I should add that Mr Conti, for EBC, adopted Mr White's arguments, relying on a statement in a fax from the ASC to EBC, sent on 26 April 1995, which was in substantially the same terms as the fax from the ASC to Leumi.  Having regard to my finding that EBC made no request under s.721(1), it is not necessary to consider EBC's position separately.  However, I would reach the same conclusion as I have in relation to Leumi.

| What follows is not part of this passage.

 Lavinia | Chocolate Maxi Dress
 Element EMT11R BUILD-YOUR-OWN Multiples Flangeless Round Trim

Alleged Failure to Take Into Account Relevant Considerations

Mr White submitted that the decision-maker, Mr Goldie, failed to take into account relevant considerations.  Mr White identified these as:


l    the potential criminal consequences under Swiss law for Leumi and its officers;


l    the fact that the power sought to be exercised by the ASC involved the extra-territorial application of the Corporations Law, so as to require actions in Switzerland which violated Swiss law;


l    the national interest of Switzerland in being able to provide reliable guarantees of confidentiality;


l    the possibility of obtaining judicial assistance from Switzerland pursuant to treaties; and


l    the reasonableness of EBC's conduct.

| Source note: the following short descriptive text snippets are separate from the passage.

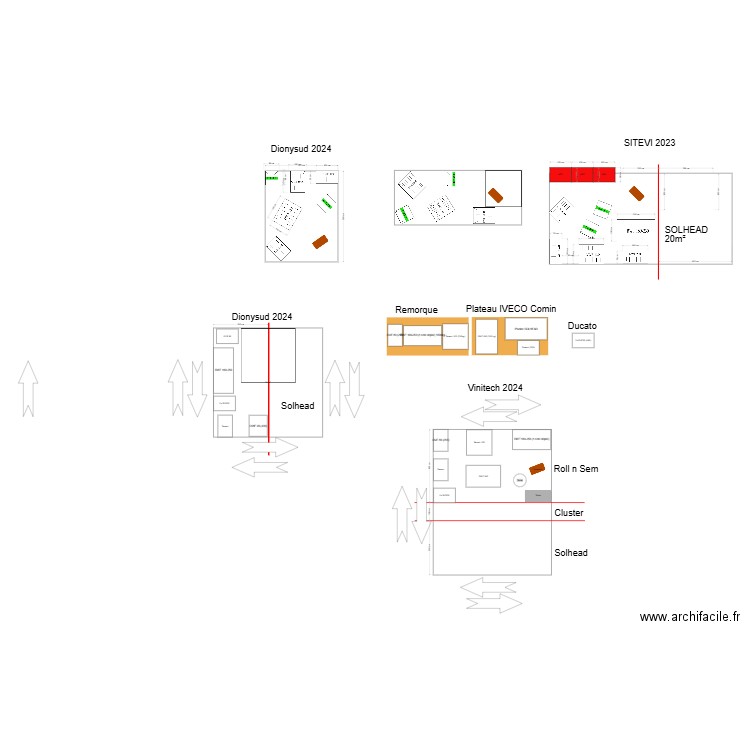 salon Roll n Sem. Plan de 0 pièce et 0 m2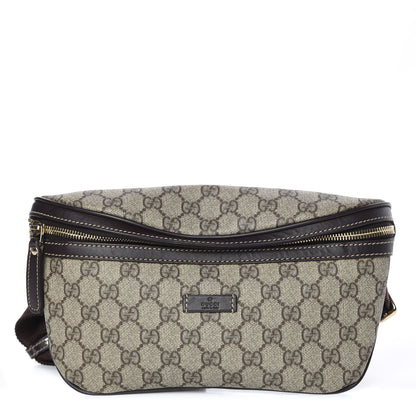 Gucci GG Supreme Monogram Belt Bag Dark Brown 1 of 10
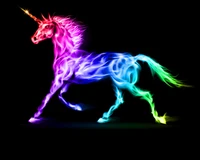 neon, unicorn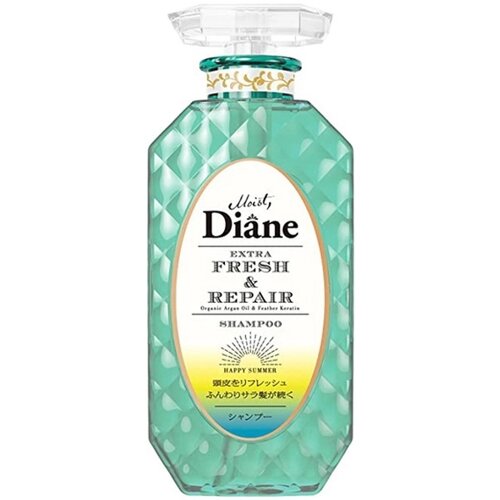 Шампунь для волос — Свежесть, с ароматом грейпфрута и мяты Япония Moist DIANE Extra Fresh Repair Shampoo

The reasons given by Mr Goldie have been set out earlier.  They were brief.  The reasons state that Mr Goldie considered, among other documents, Leumi's letter of 27  April 1995, the letter from Leumi's solicitors of 21 June 1995 (in which Dr Schurmann's opinion on Swiss law was enclosed) and the letter from the solicitor of 28 June 1995, responding to the ASC's invitation of 22 June 1995 to make further submissions in respect of Leumi's request under s.721(1).


Leumi did not seek a statement of reasons from Mr Goldie, as it was presumably entitled to do under s.13(1) of the Administrative Decisions (Judicial Review) Act 1977 (Cth).   Had such a statement been obtained, there may have been an opportunity to analyse more fully Mr Goldie's reasoning process in reaching his conclusion.  Moreover, Leumi took no other steps to challenge the statement by Mr Goldie that he had considered the matters referred to in the documents enumerated in his determination.  Each of the points about which Mr White complains was made, in one form or another, in the documentation to which Mr Goldie referred.  There is no reason to doubt that Mr Goldie took those matters into account, as he said he did.  If some of the issues raised by Mr White were not canvassed in depth in the submissions made by Leumi, that was because Leumi did not avail itself fully of the opportunity to put forward arguments in support of its request pursuant to s.721(1) of the Corporations Law.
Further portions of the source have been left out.